パートやアルバイトをしている人には、こうして社会保険への加入を避けるケースもありますが、想定外の残業で労働時間が週20時間を超えてしまった場合や、年収が106万円を超えてしまった場合にはどうなるのでしょうか。 ■社保加入の要件に残業代は含まない 収入に関わる加入要件は、「1カ月の所定内賃金が8.8万円以上」とされています。所定内賃金というと、通常は毎月決まって支給される基本給のほか各種手当も含まれますが、社会保険の加入要件においては一部の手当を含まずに判断します。
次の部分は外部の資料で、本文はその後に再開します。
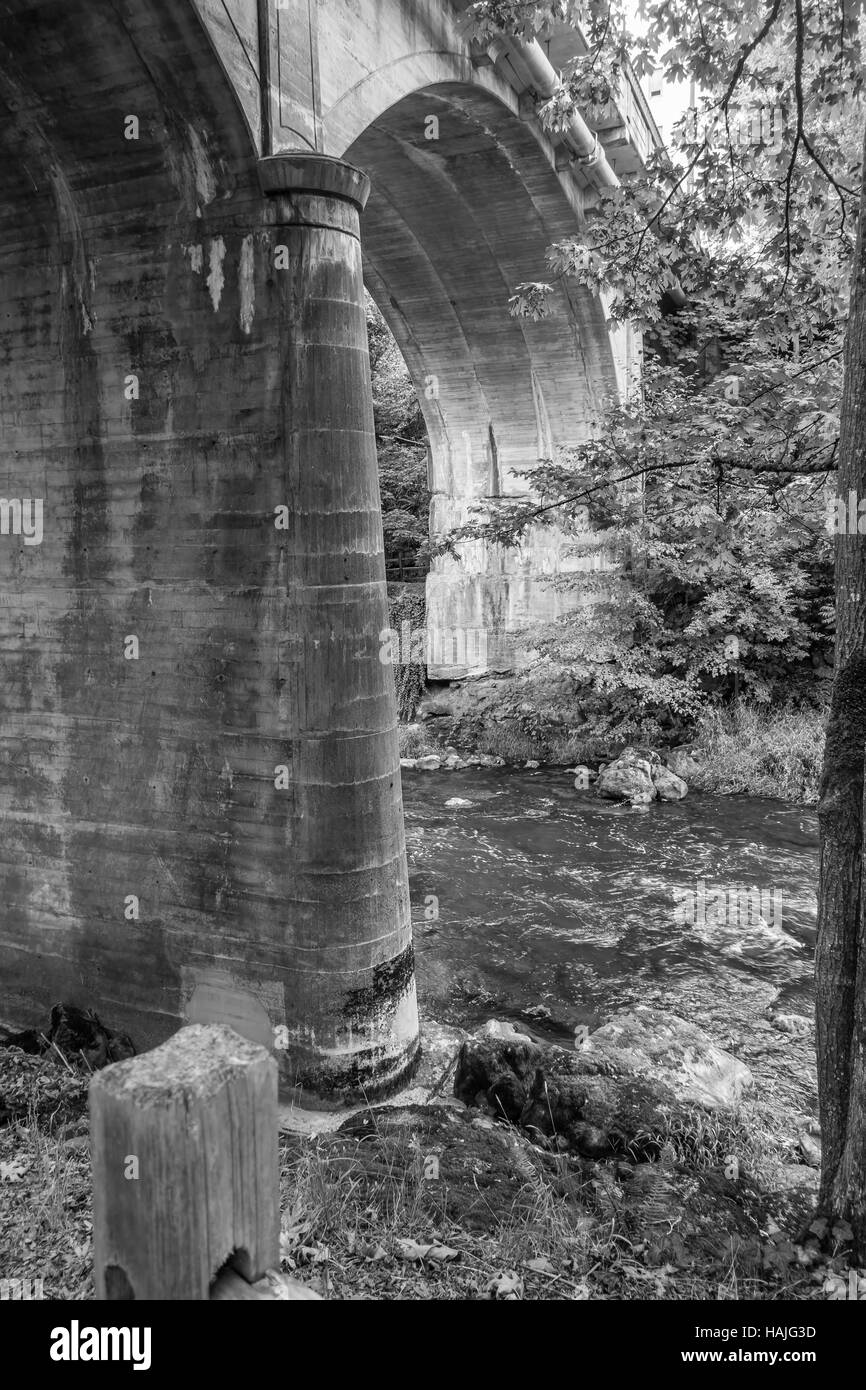 Il fiume Deschutes scorre al di sotto di un ponte in Tumwater, Washington. Immagine in bianco e nero. Foto Stock
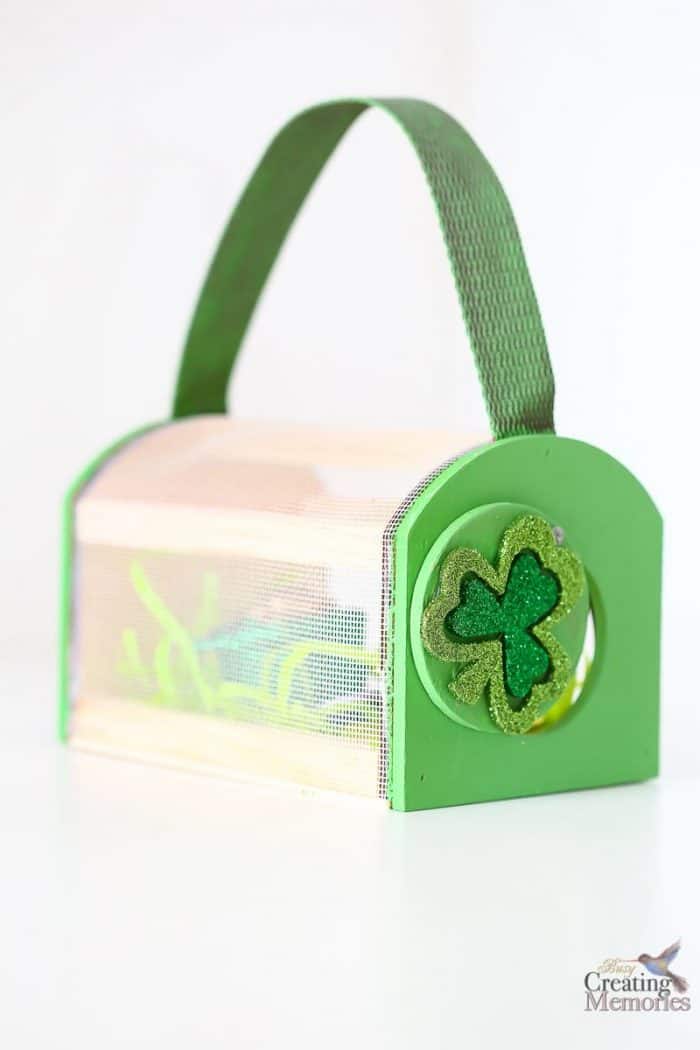 https://sweettmakesthree.com/wp-content/uploads/2019/02/leprechaun-trap-ideas-700x1050.jpg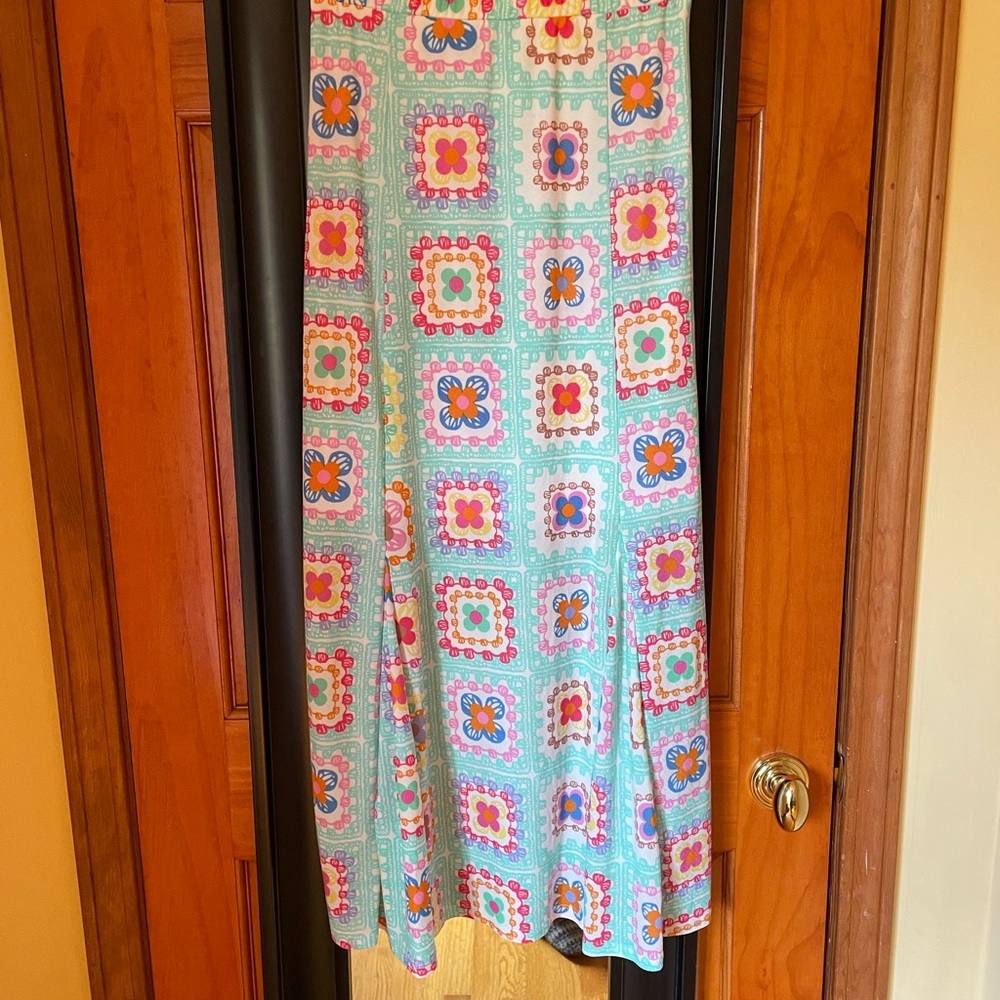 Size small retro floral maxi skirt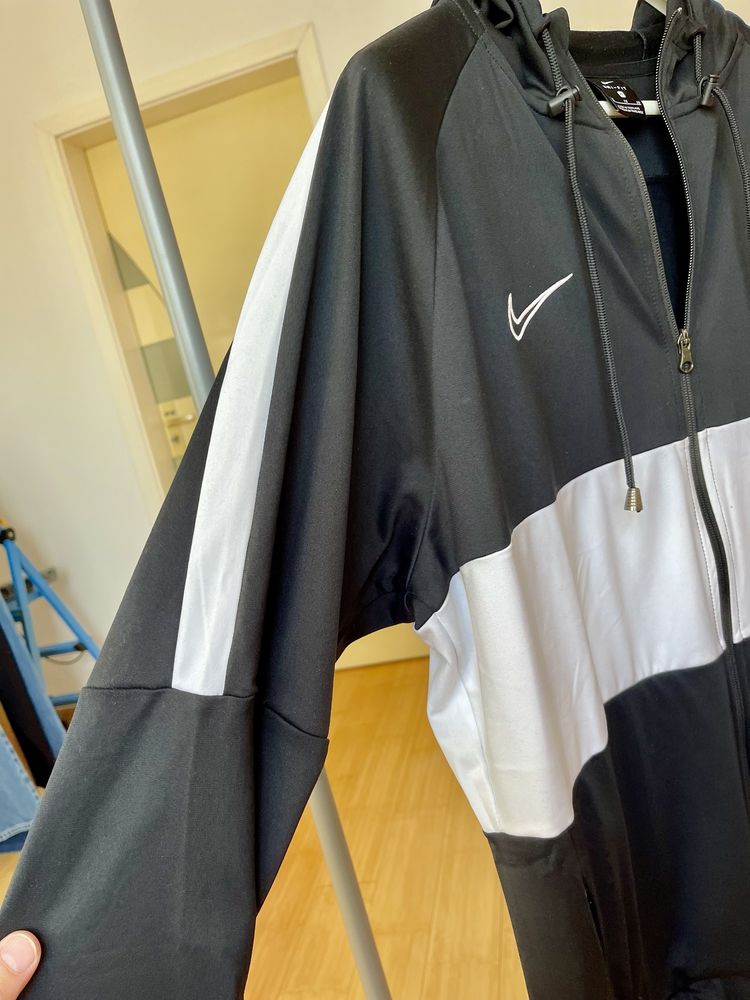 Толстовка Nike чорна в розмірі XL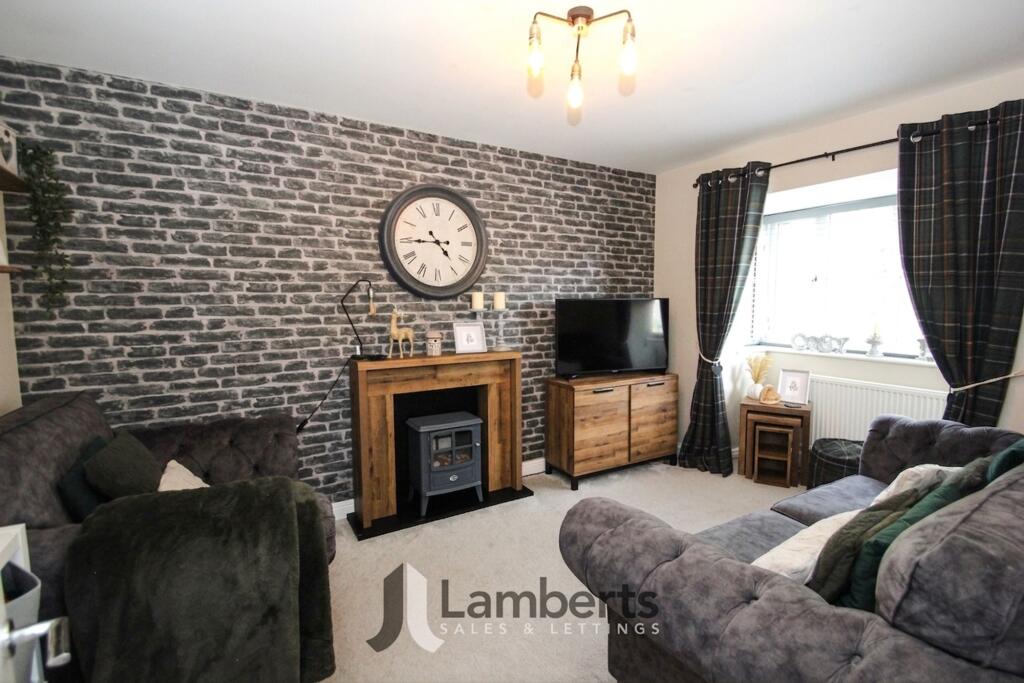 Additional image 2 of Green Lane, Studley, B80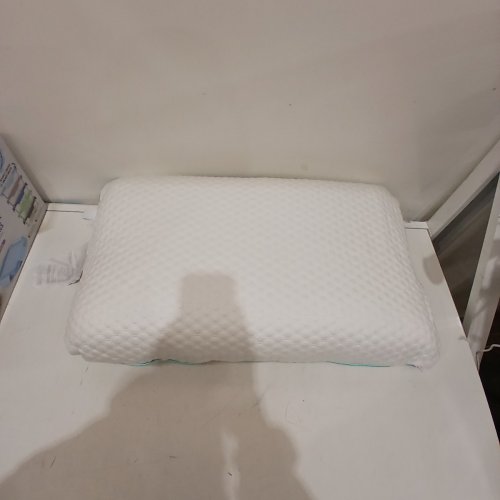 MARTHA STEWART TRELLIS BLOOM QUILTED PILLOW - QUEEN - (MODEL: 1943697) image 2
除外されるのは時間外労働手当、休日・深夜手当、皆勤手当、通勤手当、家族手当などです。つまり残業代は含まれませんので、もし残業によって1カ月の収入が8.8万円を超える月が生じても、それだけを理由にすぐに社会保険に加入しなければならないわけではありません。 また、賞与、業績給、慶弔見舞金も対象外です。所定内賃金の月額が8.8万円の場合、年収換算すると約106万円になります(「年収106万円の壁」とも呼ばれます)。
しかし、勤務先の業績が好調でボーナスを受け取ったり、冠婚葬祭が発生して祝い金や弔慰金を受け取ったりした結果、年収が106万円を超えても、そのために社会保険への加入が必要になることはありません。 ■残業時間を含まずに週20時間以上で対象に 労働時間にも「週の所定労働時間が20時間以上」という要件がありますが、こちらにも残業時間は含まれません。臨時的に労働時間が20時間以上になってしまっても、すぐに社会保険の加入対象となるわけではありません。